Washington, DC..For the first time in its history, the U.S. Fish and Wildlife Service (FWS) has begun compiling records of threats and harassment against employees, according to reports released today by Public Employees for Environmental Responsibility (PEER), an employee advocacy group. In 1999 the Service documented seven incidents of violence or threats of violence, including assaults and death threats, ranging from Nebraska to Guam but employee surveys suggest many more incidents go unreported.
Unlike other federal resource management agencies, such as the U.S. Forest Service and the Bureau of Land Management, FWS in recent years has responded to Freedom of Information Act requests from PEER by saying that it has no records of even a single incident against a staff member serving on any of the more than 500 national wildlife refuges spread across the U.S. PEER has been compiling data on threats against resource agency employees since the 1995 bombing in Oklahoma City.
Last December a PEER survey of refuge managers found that 32% of respondents experienced threats or harassment against "members of [their] family or refuge staff" in connection with resource management decisions. Nearly half of those who reported incidents said that they were not "encouraged to report" incidents to FWS.

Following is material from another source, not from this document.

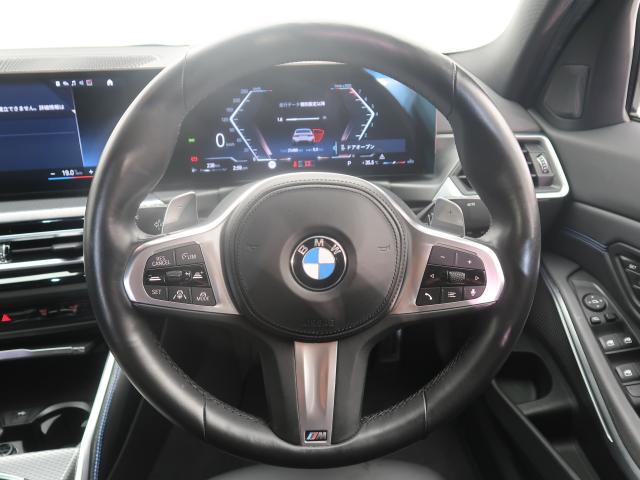 ＢＭＷ ３シリーズ ３２０ｉ Ｍスポーツ 2.6万Km 414.8万円 2023年式[511]の中古車詳細(愛知県)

One case reported by the FWS involved the Guam National Wildlife Refuge, where political disputes over Refuge ownership have become increasingly violent in the past few years. Last October, Refuge Officer Steve Berger received death threats, and was assaulted the next day. Two days after the assault, Berger was chased into his office by an angry mob. Not included in the FWS report was the fact that Refuge Supervisor Rober Dorosa was similarly assaulted by an irate anti-government gang on the eve of the 1999 New Year.

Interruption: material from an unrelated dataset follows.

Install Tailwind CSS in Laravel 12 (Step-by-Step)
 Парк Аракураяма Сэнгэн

"We hope the decision to track incidents means that the Fish and Wildlife Service is beginning to take attacks on its own employees seriously," stated Eric Wingerter, PEER's national field director, who noted that FWS staff told PEER that the group's repeated Freedom of Information Act requests for the violence data and subsequent publicity sparked the agency to begin keeping records. "Employees tell us that these reported incidents are just the tip of a much larger iceberg."